Thinking in this way of nurturing both individual and family, I wonder how many families of individuals would benefit.

We do this (out of Control)

by Daniel R. Hirtler on 02/03/11

I am rereading George Orwell's 1984 while listening to Laurie Anderson's Homeland, after having made another journey through Terry Gilliam's Brazil. These works impressed me as representative of the spirit of the world I knew at the time I originally read them, but they all seem like literal descriptions of our cultural methods now.

I am writing about the experience now, having gotten through the part in 1984, where Winston Smith, the protaganist, is thinking about truth and memory;  how one can hold truth, where one's ability to verify facts is taken away; where systematic contradiction of the truth transforms holding to a truth from an act of reason to a dangerous, crazy act of belief.

In the book, the government routinely changes the record of the past to suit present circumstances. What one can look at of the past is then consistent with the information that one is told about the present. Although one's memory tells one that one is being told lies, one is faced with the powerful force of the constructed reality conveying to one that one's memory is faulty; that one didn't really understand in the first place. This works in an environment where people are separated from each other (by fear, competition or lack of free time) so that they can no longer compare each others' memories to maintain a consistent understanding of the events of the past, and assign a useful meaning to them. Truth is what one is told, and is momentary, instead of being a layered discovery of durable stuff.
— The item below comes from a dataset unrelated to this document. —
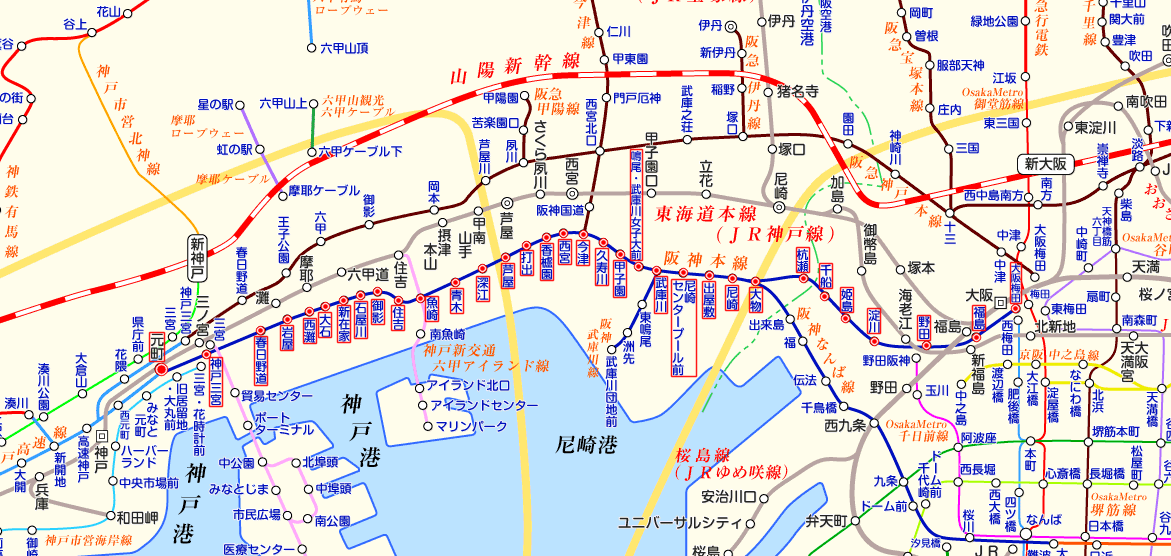 阪神電車（阪神本線）の路線図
Since 9-11-2001, when the whole country was bullied by our government to stop thinking entirely, and when the people of our country were harrassed by fear into individual shells, it has become impossible to use reason and common sense to conduct ourselves in life here, in this country. That the events which were reported can not have happened in the ordinary old world is of no cosequence to ordinary people of today. Those people are prepared to act on information that is inconsistent with the way the world was understood to work previously...reasonable motives, capabilities, consequences are all turned on their head to drum up hatred and actions of self destructive revenge.

Information which is reported is made to disappear, and the person who remembers it is made out to be crazy. It may have started with the Rudy Guliani's voice seemingly participating in the permission for the controlled demolition of Building #7 (who even knows how to describe that fact, whatever it was now), but now it has developed into the creation of fact through the inter-referencing of talking points as displayed by the Republican Party and the Conservative Media.

Since we weren't keeping score when we heard about Guliani talking to those in charge at the world Trade Center using terms which represent controlled demolition, just before the building collapsed, it is truth chilling to note that that report need not be addressed now for veracity and meaning since it is said not to have existed.

Likewise, since we cannot verify everything that is said to us, if it is all fabrication, and has been made to look plausible through the mechanism of reference, how can we make any judgement about the truth and righteousness of the actions which occur around us. Every one of our actions become likewise ungrounded (and ineffectual).

Life is pretty miserable now, so becoming fearless, developing friendships, and confiding in humanity, first to reinvest life with meaning, and second to build up the nurturing power of humanity doesn't seem to me to be a bad bet to make life better now, and develop a new world which includes us.

In a time when we are being told to accept less, it would do us all alot of good to expect and demand more, and be kinder to each other as we do it.